Sonya Yoncheva, mélodieuse mélodiste au Festival Castell de Peralada
Le programme sobre et intime mais romantique, parlant d’amour et de déceptions, est exclusivement composé de mélodies (même si la plupart des compositeurs au programme sont davantage connus pour leurs opéras). Le répertoire français essentiellement en première partie (Duparc, Chausson, Delibes) est suivi par l’Italie (Donizetti, Puccini, Tosti, Verdi).
Très attentif à la moindre inflexion vocale de la chanteuse et cherchant toujours aussi la connexion avec le public par un grand sourire, le pianiste écossais Malcolm Martineau accompagne la soprano de sa grande expressivité et précision au service d’une interprétation magistrale. Il apporte toute la force et délicatesse de son jeu virtuose et plein de contrastes, avec des sommets particulièrement passionnés.
Sonya Yoncheva séduit le public avec une ligne de chant très expressive, un timbre velouté dans les médiums et des aigus émis vigoureusement. La résonance de la bien-nommée Église du Carmen gêne parfois l’émission des aigus en chargeant un peu trop le son, même si l’artiste tente de mesurer la projection à l’acoustique. Malgré ce petit inconvénient, sa ligne de chant reste ferme et agile dans toute la largeur de sa tessiture, des aigus jusqu’aux graves, qu’elle soutient de manière très sonore. Ses départs et ses fins de phrases sont soignés, d’une grande délicatesse. Elle montre aussi des élans de puissance consciencieux, avec une dynamique musicale suave quand il le faut et proprement exécutée dans les sauts plus importants.

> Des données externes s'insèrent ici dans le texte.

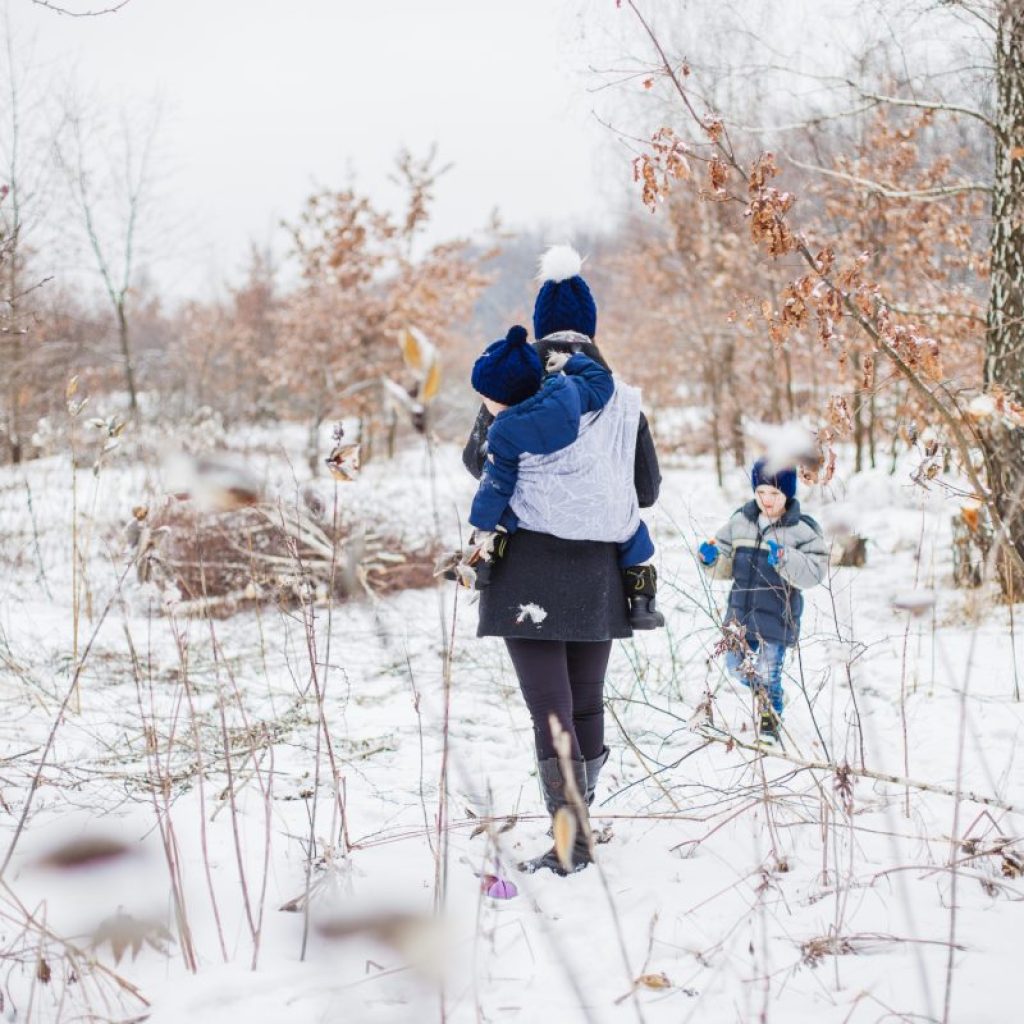 A parent walking with their two children in the snow all bundled up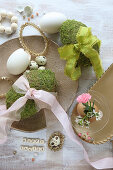 Moss eggs with ribbons and gold Easter decorations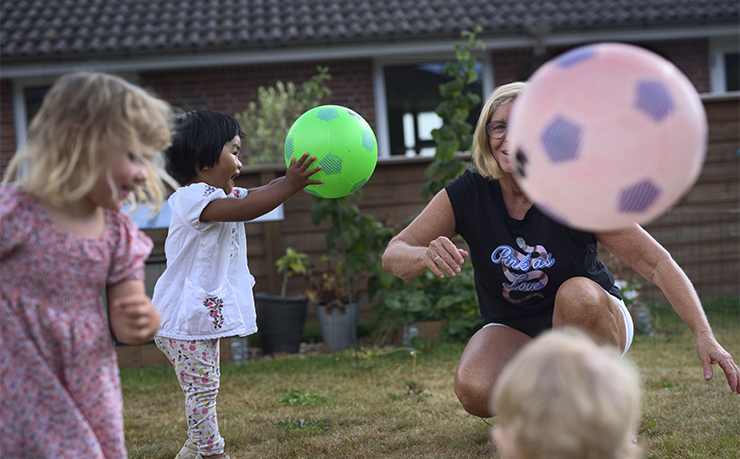 Lisbeth Ellebjerg spiller bold med tre børn på græsplæne foran hus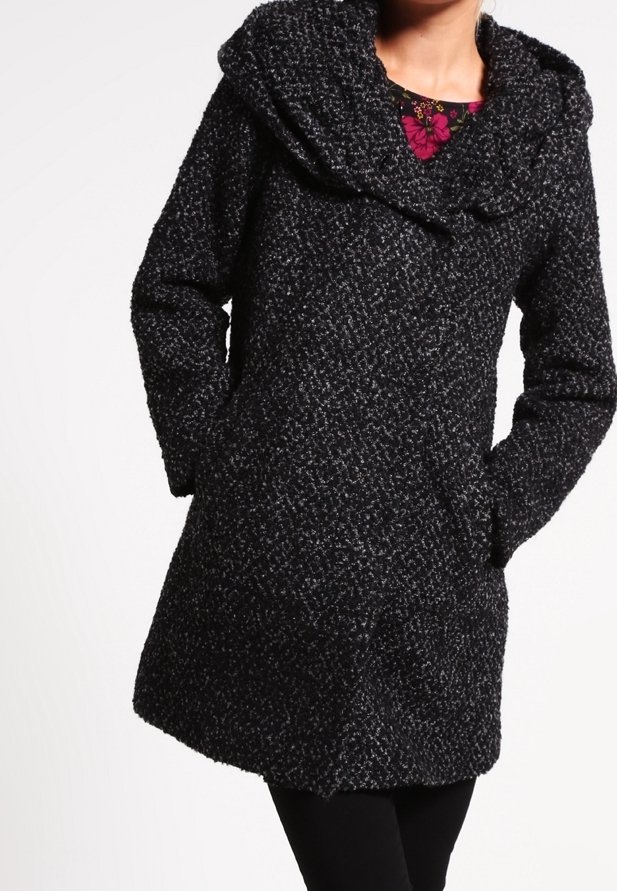 Femme portant un manteau en laine noir texturé avec un grand col, les mains dans les poches, et un haut floral rose visible au niveau du cou.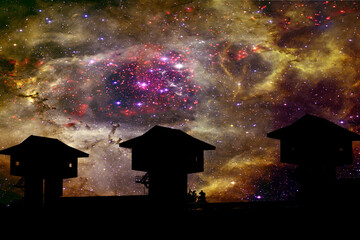 nebula and galaxy backand silhouette dam in the night sky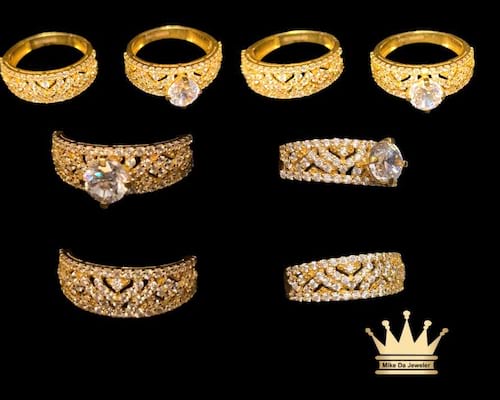 21 k yellow gold female ring set CZ stone size 6.75 weight 7.610 price $950.00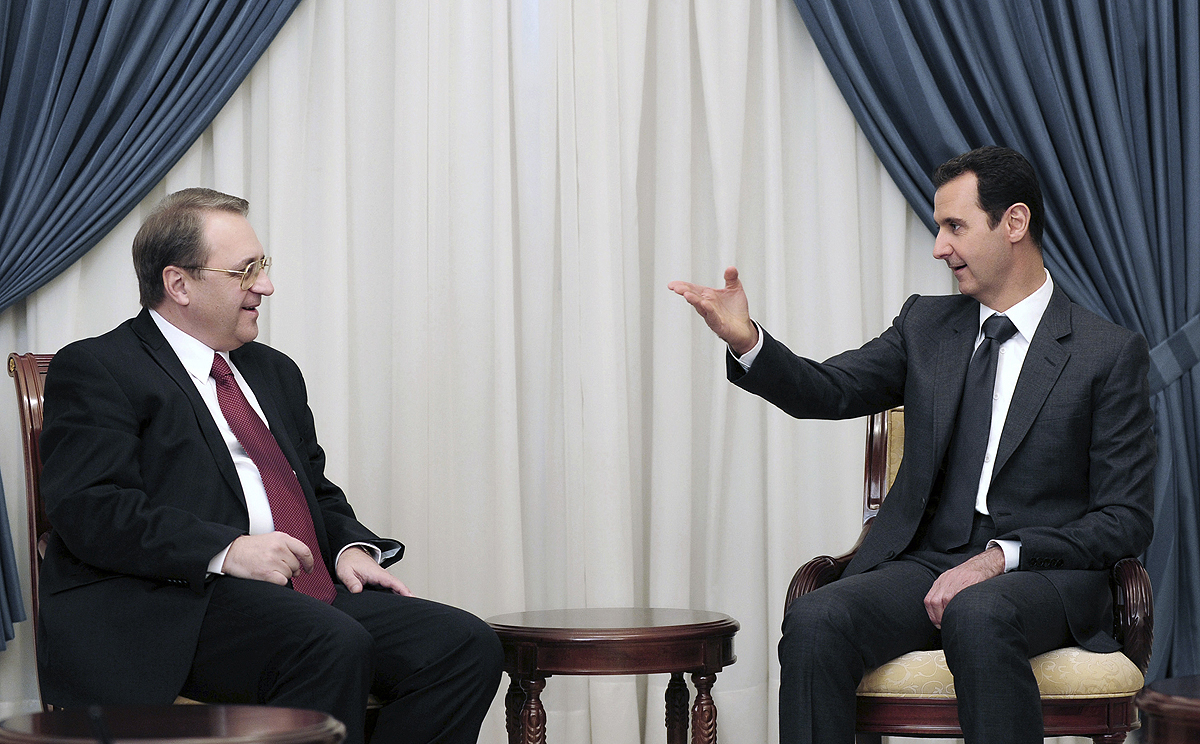 Syrian President Bashar Assad, right, speaks with Russia's deputy Foreign Minister Mikhail Bogdanov in Damascus, Syria earlier this month. Photo: AP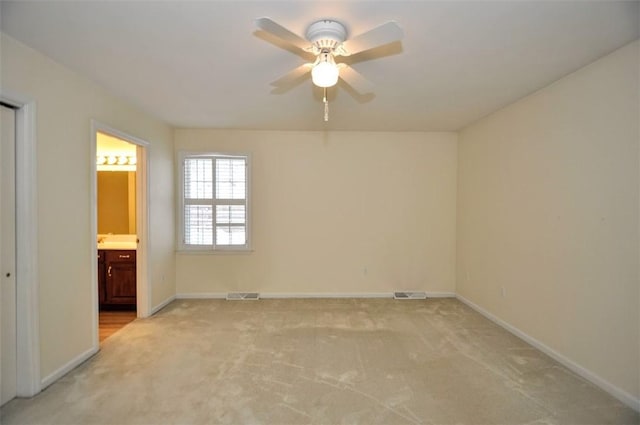 interior space with ceiling fan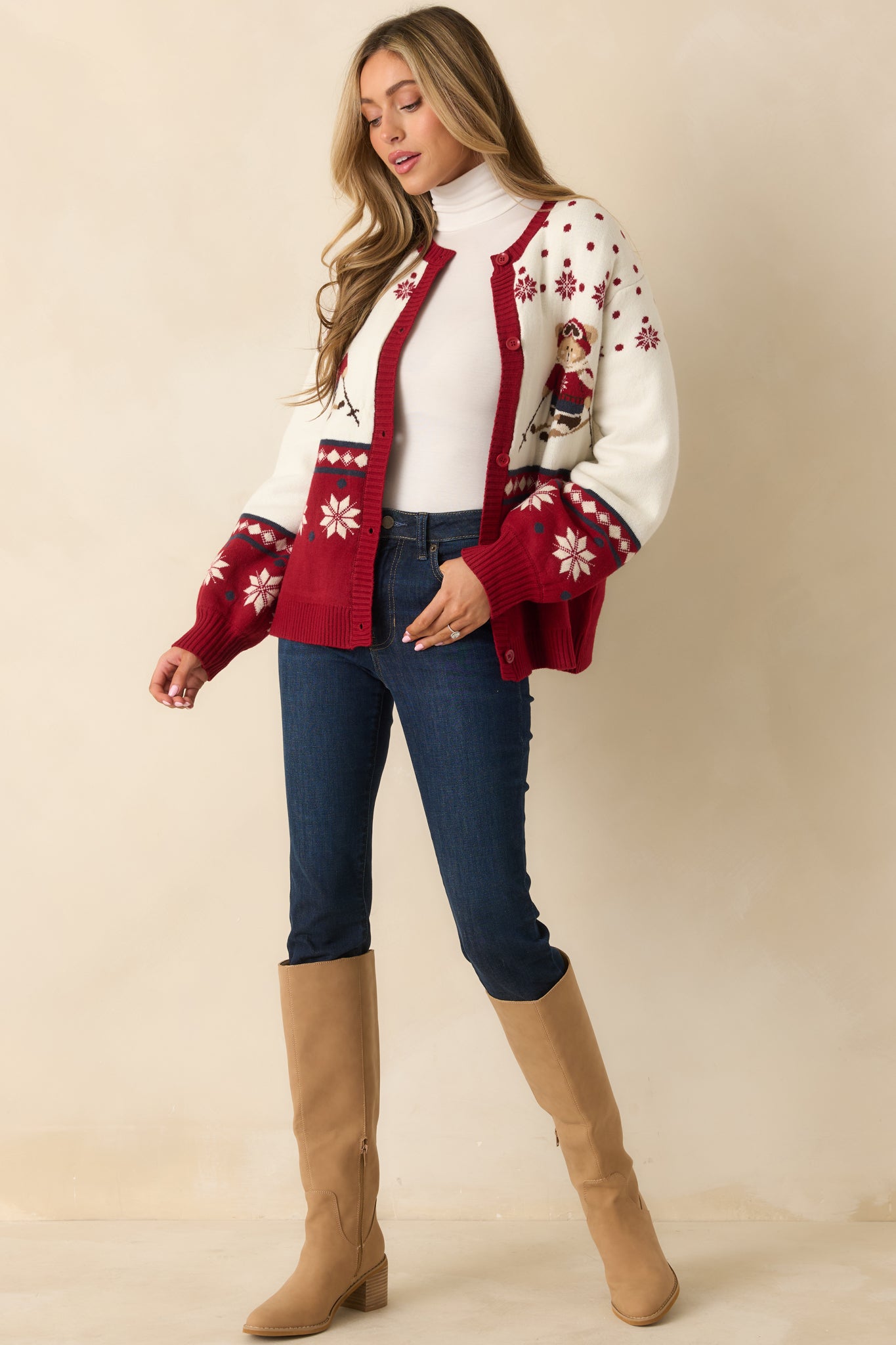 Ivory and red cardigan showing its easy, relaxed shape with bold seasonal knit-in motifs throughout.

Le public lui décerne un excellent accueil, surtout lorsqu’elle interprète Haï luli! de Pauline Viardot, transmettant une émotion égalant celle des Filles de Cadix de Delibes, dans un tempo un peu plus lent que d’habitude mais avec un style vocal et gestuel hispanique accompli. Par le contact avec l’auditoire et le pianiste, la chanteuse déploie dans le cadre de ce récital un jeu théâtral, à la fois stoïque et vaillant (y compris face à la chaleur du lieu rehaussée par les projecteurs).
Le récital remporte un énorme succès, le public applaudissant debout durant de longues minutes avant de rappeler les artistes par trois fois. En retour, le pianiste et la chanteuse les gâtent avec “Donde lieta usci” (air de Mimí dans La Bohème), L’Habanera de Carmen où elle s’en va même séduire le pianiste par des caresses, avant “Adieu, notre petite table” (Manon de Massenet), entraînant une nouvelle salve d’applaudissements.